* _DESCRIPTION OF THE TASK_: All that should come back is the lines of the data below from the one containing "Can Renegade Games" to the one containing "Murder by Injection: The", inclusive, exactly as they stand.

* _MATERIAL SHOWN_:
= = = = = = =

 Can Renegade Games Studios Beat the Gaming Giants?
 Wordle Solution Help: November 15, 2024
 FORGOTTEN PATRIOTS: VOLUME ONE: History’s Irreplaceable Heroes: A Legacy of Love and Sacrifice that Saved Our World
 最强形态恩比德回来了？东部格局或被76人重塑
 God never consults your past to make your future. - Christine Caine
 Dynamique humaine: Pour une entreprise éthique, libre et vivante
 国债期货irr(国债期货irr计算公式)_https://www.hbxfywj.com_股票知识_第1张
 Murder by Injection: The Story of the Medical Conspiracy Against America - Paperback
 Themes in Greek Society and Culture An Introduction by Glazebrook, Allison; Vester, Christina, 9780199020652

= = = = = = =

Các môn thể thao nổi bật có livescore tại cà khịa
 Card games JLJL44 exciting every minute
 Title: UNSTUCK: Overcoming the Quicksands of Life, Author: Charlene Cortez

= = = = = = =

* _EXPECTED ANSWER_:
 Can Renegade Games Studios Beat the Gaming Giants?
 Wordle Solution Help: November 15, 2024
 FORGOTTEN PATRIOTS: VOLUME ONE: History’s Irreplaceable Heroes: A Legacy of Love and Sacrifice that Saved Our World
 最强形态恩比德回来了？东部格局或被76人重塑
 God never consults your past to make your future. - Christine Caine
 Dynamique humaine: Pour une entreprise éthique, libre et vivante
 国债期货irr(国债期货irr计算公式)_https://www.hbxfywj.com_股票知识_第1张
 Murder by Injection: The Story of the Medical Conspiracy Against America - Paperback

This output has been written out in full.